_Task statement_
Would you transcribe the whole listing exactly and drop its images?

=== Material supplied ===

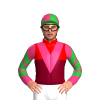 Red, Burgundy Half, Pink Vs, Dark Green Sleeves, Pink And Green Chevrons, Quartered Cap, Green Peak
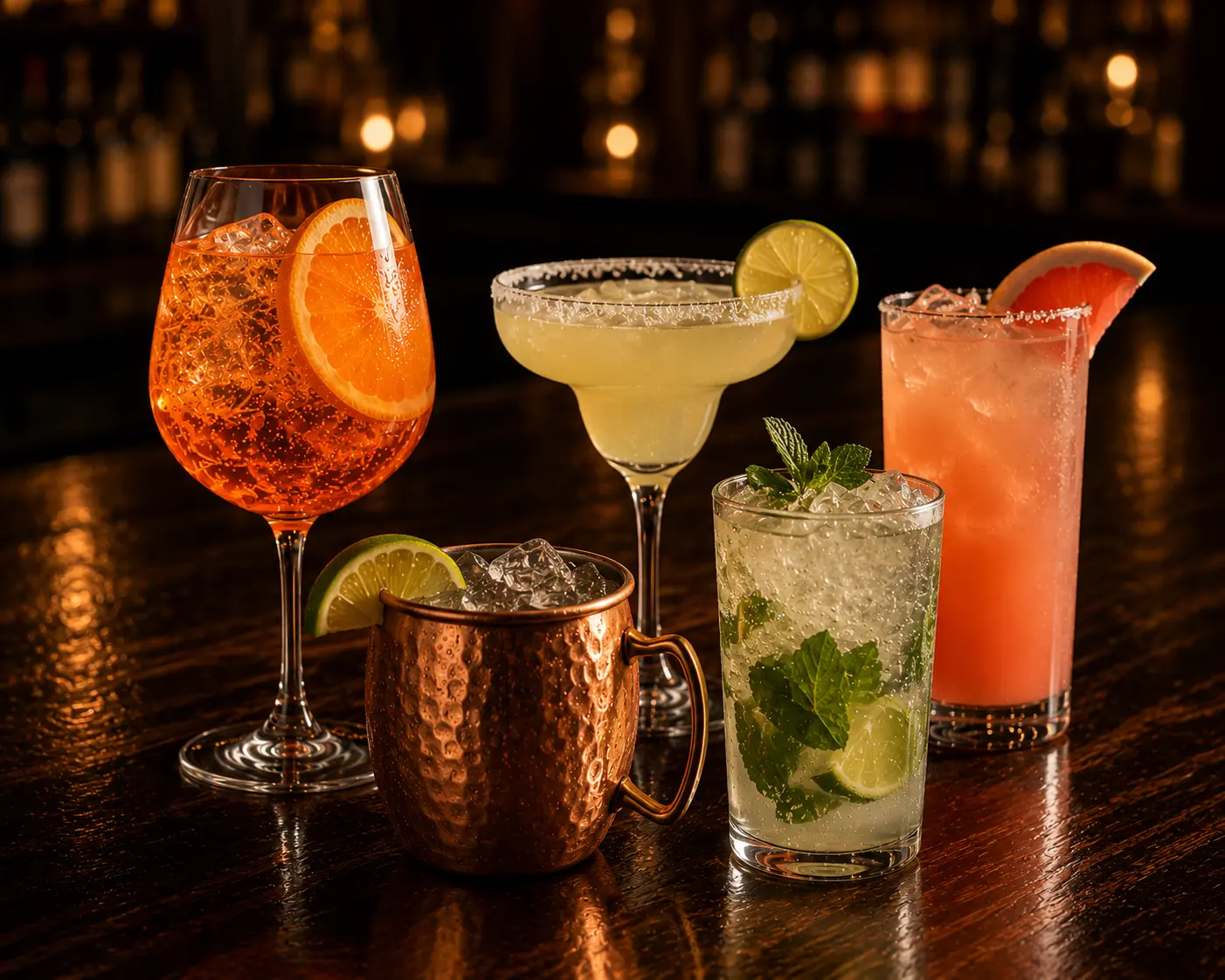 Aperol Spritz, Margarita, Moscow Mule, Paloma and Mojito cocktails on the bar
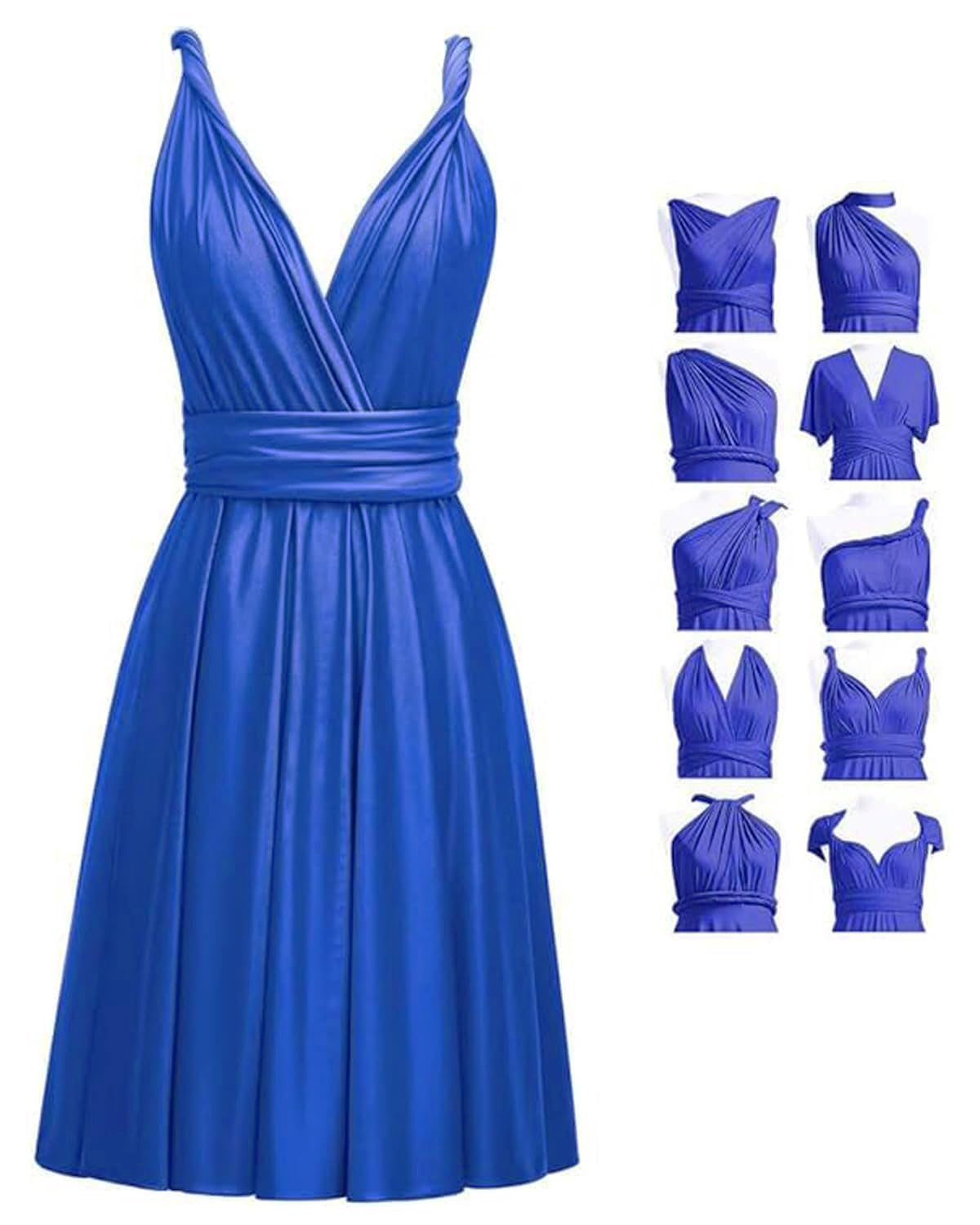 Short Infinity Dresses with Bandeau,Midi Bridesmaid Convertible Dress,Elastic Wedding Multiway Twist Wrap Dress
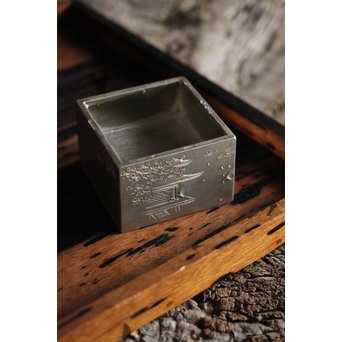 十世 中川浄益/淳三郎 喜見城毛彫 銀升/ぐい呑み 十二代 黒田正玄箱書　M213 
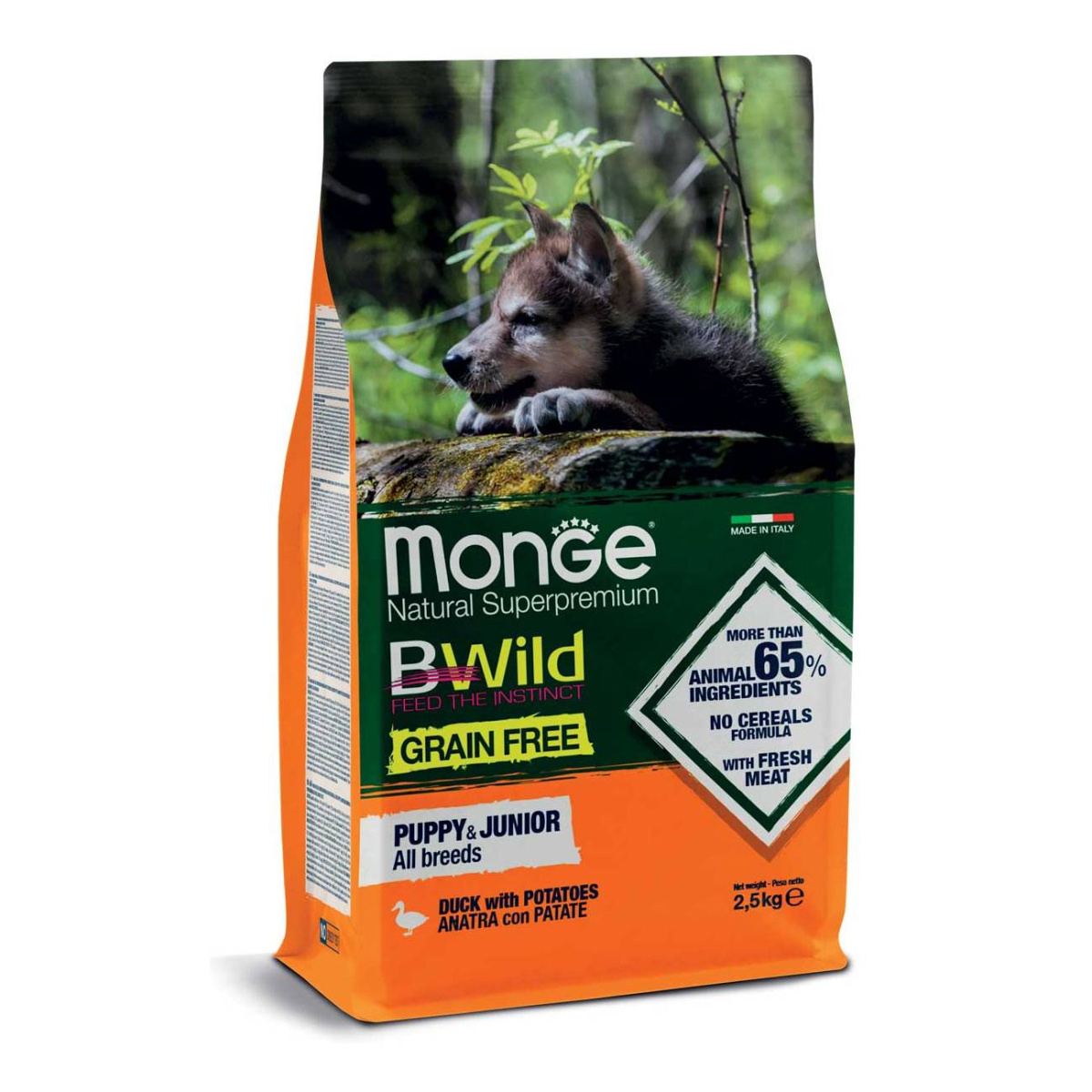 Monge Dog BWild Grain Free Puppy & Junior для щенков из мяса утки с картофелем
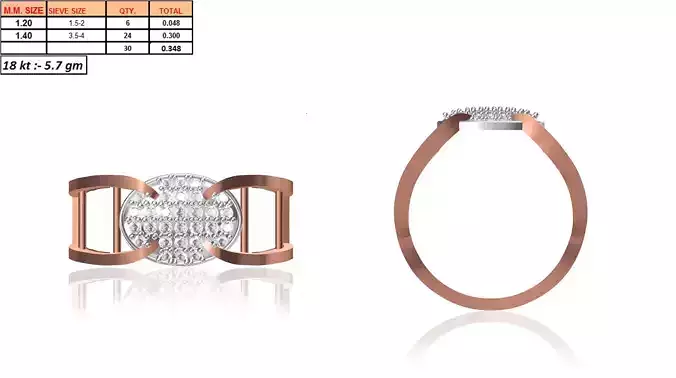 Oval Shaped Multi Metal Ring With Diamonds 1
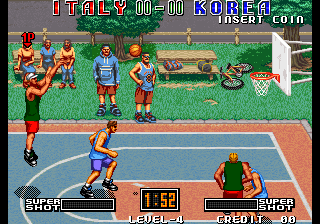 A split-screen basketball arcade game displaying two courts. The upper court shows four players in red and blue uniforms positioned near a hoop on green grass with a tan baseline. The lower court depicts two players in blue and red jerseys on a blue hardwood floor with a hoop visible to the right. Score displays reading "ITALY 00-00 KOREA" appear at the top in white and blue text, with a timer showing "1:59" in the center. "SUPER" and "CREDIT" indicators flank the clock. The sprite art uses bright primary colors with pixel-based character animation typical of early 1990s arcade basketball games.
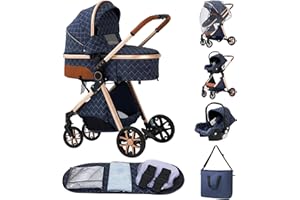 ALYIKOU trio passeggino neonati in offerta fino 25 kg,Carrozzina reversibile fronte mamma e strada, Pieghevole，Con borsa mamma, portabicchieri, copertura antipioggia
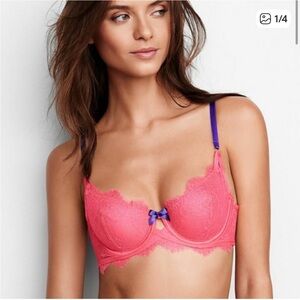 Victoria’s Secret Very Sexy Unlined Bra Chantilly lace Neon Pink/Blue 34C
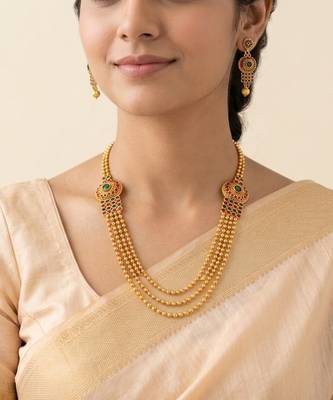 Multicolor kemp mugappu necklace set 2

===

_Answer for the task_
 Red, Burgundy Half, Pink Vs, Dark Green Sleeves, Pink And Green Chevrons, Quartered Cap, Green Peak
 Aperol Spritz, Margarita, Moscow Mule, Paloma and Mojito cocktails on the bar
 Short Infinity Dresses with Bandeau,Midi Bridesmaid Convertible Dress,Elastic Wedding Multiway Twist Wrap Dress
 十世 中川浄益/淳三郎 喜見城毛彫 銀升/ぐい呑み 十二代 黒田正玄箱書　M213 
 Monge Dog BWild Grain Free Puppy & Junior для щенков из мяса утки с картофелем
 Oval Shaped Multi Metal Ring With Diamonds 1
 A split-screen basketball arcade game displaying two courts. The upper court shows four players in red and blue uniforms positioned near a hoop on green grass with a tan baseline. The lower court depicts two players in blue and red jerseys on a blue hardwood floor with a hoop visible to the right. Score displays reading "ITALY 00-00 KOREA" appear at the top in white and blue text, with a timer showing "1:59" in the center. "SUPER" and "CREDIT" indicators flank the clock. The sprite art uses bright primary colors with pixel-based character animation typical of early 1990s arcade basketball games.
 ALYIKOU trio passeggino neonati in offerta fino 25 kg,Carrozzina reversibile fronte mamma e strada, Pieghevole，Con borsa mamma, portabicchieri, copertura antipioggia
 Victoria’s Secret Very Sexy Unlined Bra Chantilly lace Neon Pink/Blue 34C
 Multicolor kemp mugappu necklace set 2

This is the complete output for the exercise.